One more piece of pumpkin pie ala mode. No, really. Last one. Unless…
Carbon credits? In that case, I am gunna let ‘er rip. I want my CC account to look like I just pulled the arm on a one-armed bandit and the wheels are turning too fast to see.
Pull my finger!
AHHH, more room for pie.
The things I do for MO.
Easy there Soap, methane is twice the cost of CO2. Are you sure you want to swing for the “Pull my finger” so close to the Holidays?
JD,
You bet. I want my meter running so fast it would impress ManBearPig. I am thankful I do not have to pay a carbon tax (yet) and there are no butt meters to measure methane expulsion (yet).
So, my friend, pull away!
*Sound of “Happy Holidays” playing in the background*
Er, um, yeah, maybe later, okay?
Thank you very much Michell. And in thanks for your magnanimity we give you the OK to wear grandma’s curtains to your next public event.

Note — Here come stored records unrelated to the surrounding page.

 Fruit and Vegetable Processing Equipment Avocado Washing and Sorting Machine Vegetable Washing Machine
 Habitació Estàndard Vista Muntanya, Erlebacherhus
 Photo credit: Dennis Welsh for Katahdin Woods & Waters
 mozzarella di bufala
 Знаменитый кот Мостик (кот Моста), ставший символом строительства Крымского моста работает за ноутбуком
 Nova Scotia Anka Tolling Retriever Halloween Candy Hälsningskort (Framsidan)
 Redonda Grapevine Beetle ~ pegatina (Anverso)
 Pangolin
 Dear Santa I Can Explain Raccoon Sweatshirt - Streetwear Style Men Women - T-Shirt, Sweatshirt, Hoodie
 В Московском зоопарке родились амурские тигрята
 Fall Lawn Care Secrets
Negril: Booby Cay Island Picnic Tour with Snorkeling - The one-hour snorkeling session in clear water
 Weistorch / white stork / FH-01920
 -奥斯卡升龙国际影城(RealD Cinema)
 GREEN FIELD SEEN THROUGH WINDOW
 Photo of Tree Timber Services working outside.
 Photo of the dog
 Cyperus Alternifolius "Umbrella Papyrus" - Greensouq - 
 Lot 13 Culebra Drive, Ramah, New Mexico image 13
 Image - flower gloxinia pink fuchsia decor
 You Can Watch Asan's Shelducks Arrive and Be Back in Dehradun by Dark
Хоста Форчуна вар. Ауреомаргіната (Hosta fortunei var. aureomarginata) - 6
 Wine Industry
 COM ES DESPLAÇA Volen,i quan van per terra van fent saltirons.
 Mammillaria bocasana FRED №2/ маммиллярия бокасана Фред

Aw jeez, I can’t @#$%^& move! I feel like the Anaconda that snuck in and ate the family pig. I gotta go curl up and digest this for a month. I don’t know if it’s the tryptophan or not, but, I’m getting a little sle….zzzzzz
THAT. SOUNDS. AWE. SOME.
I feel your pain Rogue. Slept like a baby until…what’s that? A voice…from the kitchen me thinks. Yup, that dang pie’s callin’ me back. Just one more piece, it sez.
It’s evil I tell ya.
AAAAHAHHAHHAHHAHHAHHAHAHAHAAAAAAAA
Pie for breakfast! Thanks again big MO!
I love Black Friday. There’s nobody here to guard the leftovers.
Thanks for the heads up DOUG!!! I have been woried all night about the FLOTUS thoughts on my diet for the holiday meal, as I did not get online yesterday… Now I find out no problem… Again thank you DOUG, and than you, most benevolent FLOTUS!!!
Since yesterday was my birthday, I hope it’s ok with MO that we had chocolate cake instead of pie for our dessert.
It is typical of Her Majesty Obama to express what is okay for the peasants to consume on the holidays. I’m dying to learn if we’ll be limited to figgy-pudding for Christmas, of if she’ll allow plums too.
But seriously, I wish that this smug woman would keep her putrid opinions about what she finds acceptable and unacceptable to herself.
I’m glad someone is watching my caloric intake,because there are some people that just really shouldn’t indulge in that second or third slice of pie. HERE
I’m making chitlin’ pie and serving it up with greens. Madam President ain’t invited.